Despite what policymakers in Washington – who seem to act at the beck and call of the oil, gas and coal industries – say, the climate changes that the world is experiencing are primarily the result of human activities, most notably the burning of oil, gas and coal. That’s what the world’s experts say, and they have urged that governments act to reduce the release of greenhouse gases.
And there have been some positive results – for example, the recent agreement in Paris created a policy framework to curb the use of fossil fuels.
Yet, the burning of fossil fuels is not the only greenhouse gas; another problem is the release of methane. While carbon dioxide (CO2, the greenhouse gas emitted by the burning of fossil fuels) persists in the atmosphere for centuries, methane dramatically warms the planet for a decade or two before decaying to CO2.
Global concentrations of methane are now growing faster in the atmosphere than at any other time in the past two decades. There’s still far less total methane in the atmosphere than there is carbon dioxide — but molecule for molecule, methane traps far more heat. Over a 100-year period, the emission of a given amount of methane is about 28 times as powerful when it comes to global warming as the emissions of an equivalent amount of carbon dioxide (even though the methane doesn’t stay around that long).
Methane is a difficult gas to track. In part, because it can come from many different sources. Those include natural sources like marshes and other wetlands. But about 60 percent of methane added to the atmosphere every year comes from human activities. They include farming sources like cattle operations and rice paddies - the flooded farmland is a good place to grow the microbes that generate the gas.

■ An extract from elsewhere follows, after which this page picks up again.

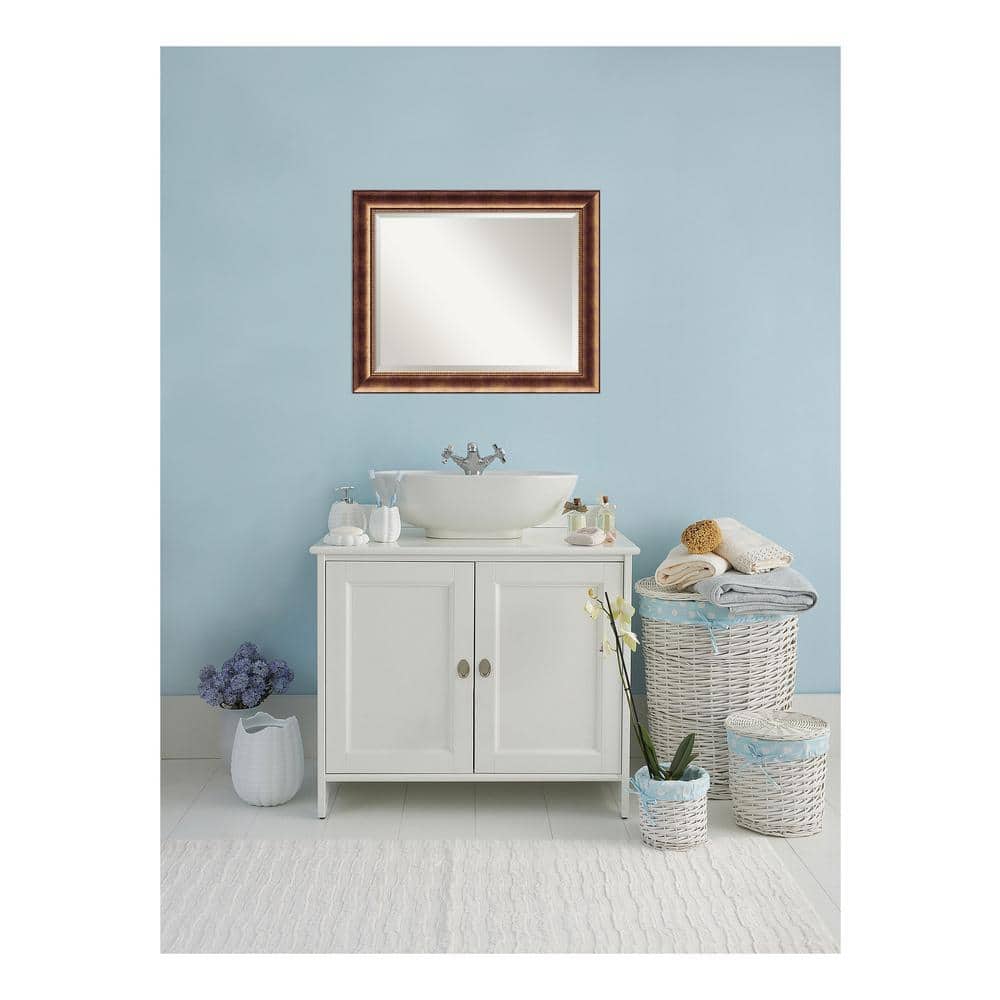 Manhattan Bronze Beveled Wood Framed Bathroom Vanity Mirror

Another human activity that releases methane into the atmosphere is fossil fuel exploration, which leaks methane from oil and gas wells during drilling.

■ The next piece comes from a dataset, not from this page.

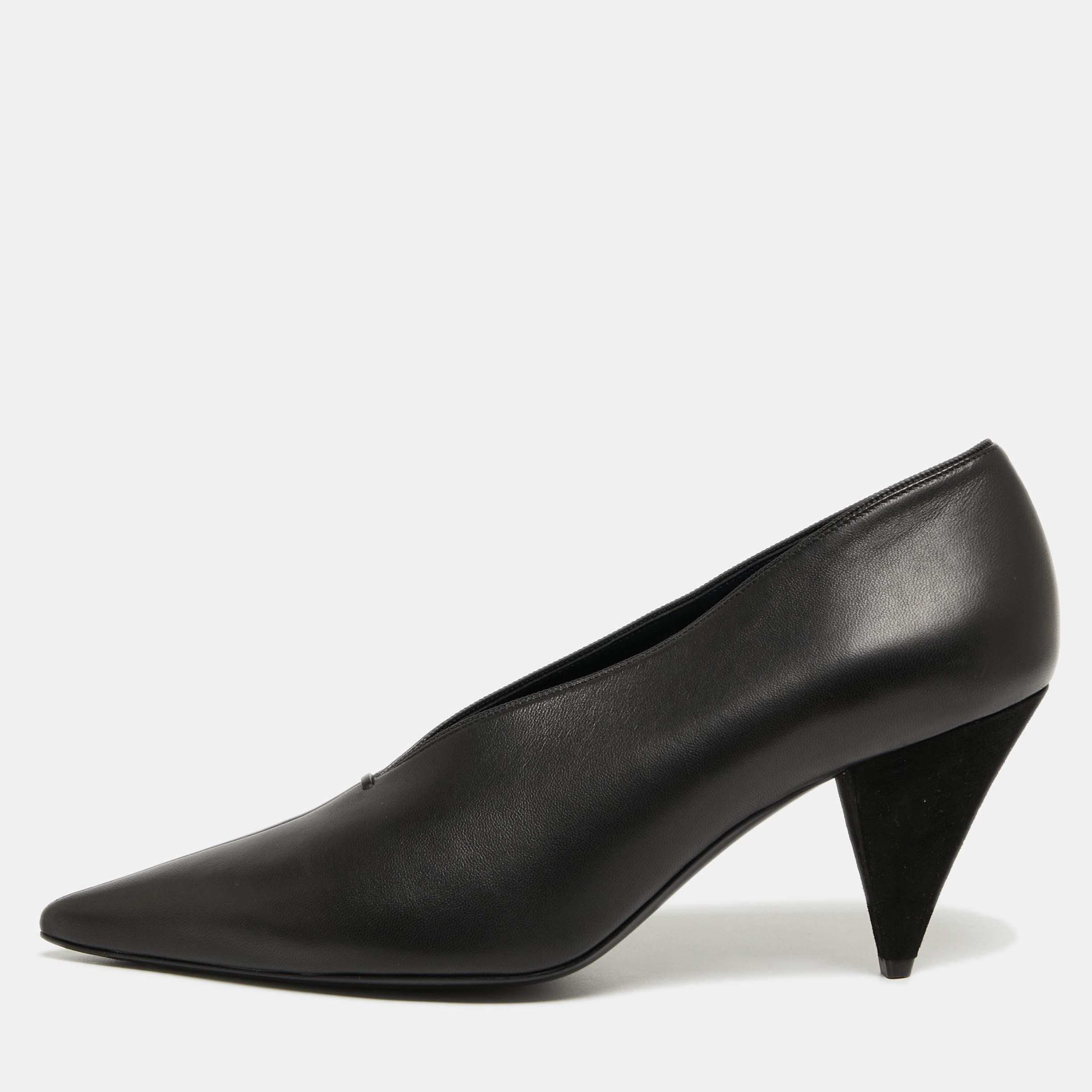 Celine Black Leather V Neck Pointed Toe Pumps Size 41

Establishing plans to curb human activities that lead to the release of methane is an important component in the strategies to curb climate change.
New York State is taking some steps. Last week, Governor Cuomo released a statewide Methane Reduction Plan. According to the Plan, methane accounts for 9% of New York State greenhouse gas emissions. And, the full extent of methane emissions may be larger, as reporting about methane leaks is incomplete.
The Plan addresses three sectors responsible for the majority of methane emissions in NY: oil and gas, landfills, and agriculture. The Oil and Gas section of the Plan has a number of strategies to reduce emission sources from natural gas and oil storage facilities; transmission and distribution networks; and active, closed, and abandoned natural gas wells. The Department of Environmental Conservation and Department of Public Service will act to:
- reduce methane leakage and otherwise address methane emission sources;
- enhance reporting requirements; and
- improve regulatory consistency.
According to the Plan, natural gas leaks alone make up 1% of the State's total greenhouse gas emissions. Those natural gas leaks, while not the largest factor in methane releases, are important. The simplest way to reduce those leaks is by not building out the state’s fossil fuel infrastructure. This includes infrastructure like pipelines which promote more extraction, compressor stations which vent and leak gas, and storage facilities which pose grave explosion risks.
While old and current infrastructure repairs and methane mitigation efforts are important steps -- indeed, they will play a significant role in reducing methane emissions -- they must be paired with a commitment to move New York beyond fossil fuels and to invest in a clean, renewable energy future.
Blair Horner is executive director of the New York Public Interest Research Group.